The perpetrators were spiritually blind and thus unable to see that Jesus truly was the Son of God, the King of Kings, for they did not live in the Kingdom of his Father. They are the goats that Jesus refers to in the Gospel, neglecting to see Jesus in the disguise of the lost, the stray, the wounded and the weak. Their incredulous, “Lord, when did we see you hungry or thirsty, a stranger or naked, sick or in prison, and did not come to your help?” (Mt 25:44) reveals their underlying malady: they are not living in the Kingdom of God but in the kingdom of their own self. It is as though, if they had known that that person most in need was actually Jesus himself, then they would have deigned to help him – for their own glory and satisfaction. The hiddenness of our God – whether it be in the Eucharist, in the Word, or in the poor – teaches us to look beyond outward appearances and look with the Lord’s eyes at the heart. This is where truth resides – all else is only of our own making.

It is striking to see the Kingdom of God in its glory at Lourdes, where there is a total inversion of ‘social hierarchy’. In Britain, 90% of babies with Downs Syndrome are aborted. When I was last in Lourdes, however, a middle-aged man with Downs Syndrome was brought to the front of the altar in one of the large churches on the shrine site. As though on a stage, everyone’s eyes were fixed on him as we sang him Happy Birthday and applauded him and his mother who had faithfully looked after him for so many years. These are the real celebrities; the rejected and forgotten of our society are the ‘little ones’ to whom the Kingdom of Heaven belongs (cf. Mt 19:14).
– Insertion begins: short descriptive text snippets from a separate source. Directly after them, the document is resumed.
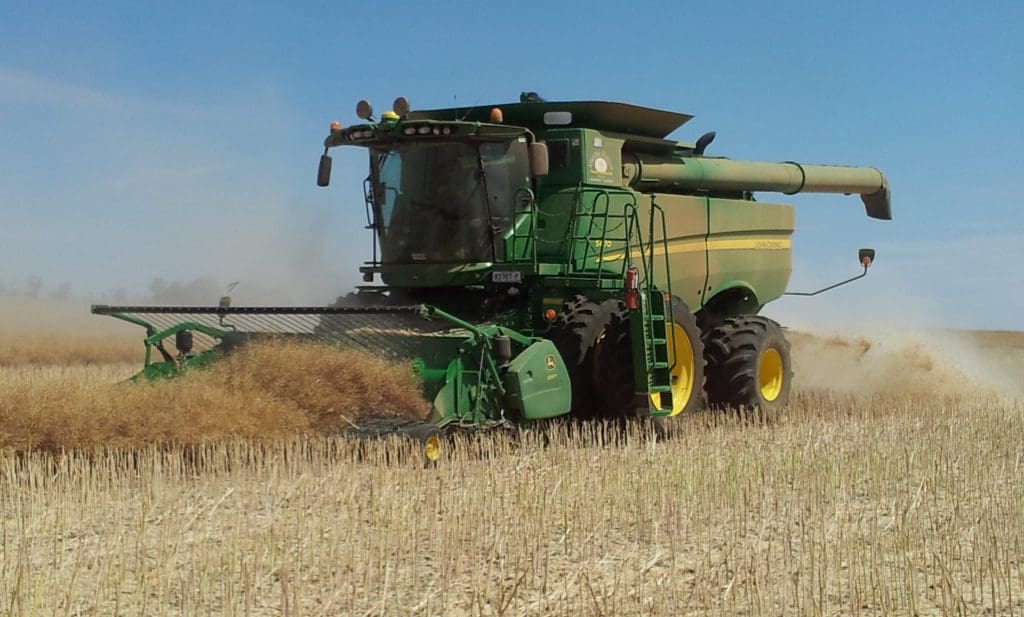 Golden year for high-oil canola - Grain Central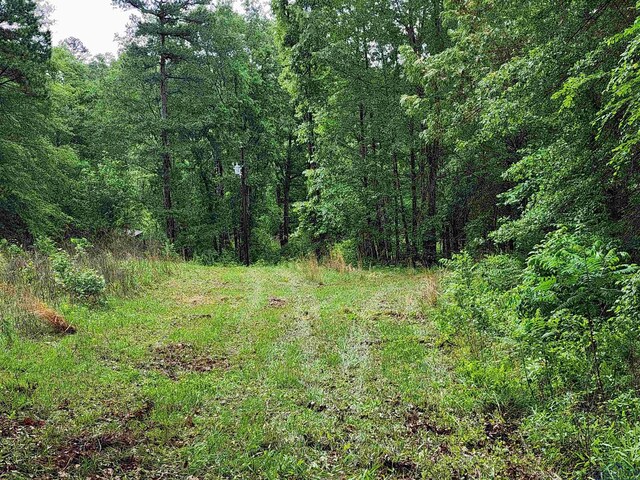 TBD Wild Daisy Rd, Ore City, TX 75683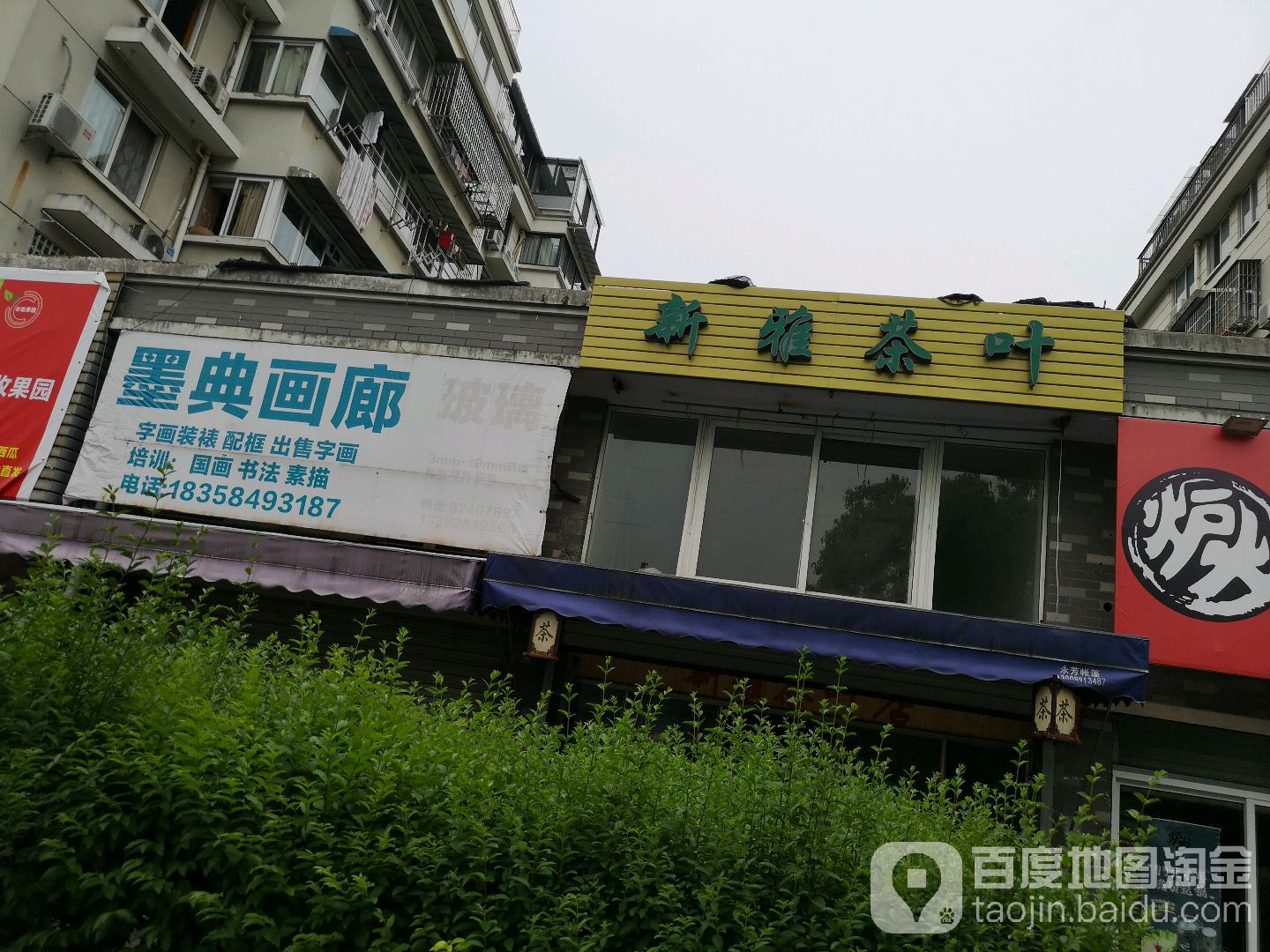 新雅茶叶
It seems that “where your treasure is, there your heart will be also” (Mt 6:21) – and the Kingdom in which your soul lives, there will you abide for eternity. For if you live the Gospel values of truth, life, grace, holiness, justice, love, and peace, then ‘the Kingdom of God is already among you’ (cf. Lk 17:21). The Kingdom of God is the Holy Spirit – living these values naturally and spontaneously, as the virtuous did in the Gospel, means that the Spirit of Christ, his very own Life is living in you. As Christ himself passes in our midst – the incarnate Emmanuel disguised in the face of the lowly and the poor – so he too incarnates himself in our souls, so that we may live as ‘another Christ’ for our brothers and sisters, and may become a living host, a living Eucharist, pouring ourselves out as we live the Mass, that is the Sacrifice of Jesus on the Cross. This is where our baptismal Kingship truly lies. The Prince of Peace we see riding on a colt into Jerusalem – commemorated every Palm Sunday – is a King who ‘made peace by his blood on the Cross’ (Colossians 1:20). Indeed, Jesus has shown us that the royal highway to true Kingship is self-sacrificial, obedient love. Jesus is the shepherd who lays down his life for his sheep, and remains lovingly obedient to his own Father, “glorifying in Obedience” (Prayer after Communion). For “when everything is subjected to him, then the Son himself will be subject in his turn to the One who subjected all things to him, so that God may be all in all” (1Cor 15:28). The obedience of Fiat, ‘let it be’, to the Divine Will is also our own way of bringing about the Father’s Kingdom here on earth: in the prophetic words of the Our Father, Thy Kingdom come; Thy will be done on earth as it is in heaven.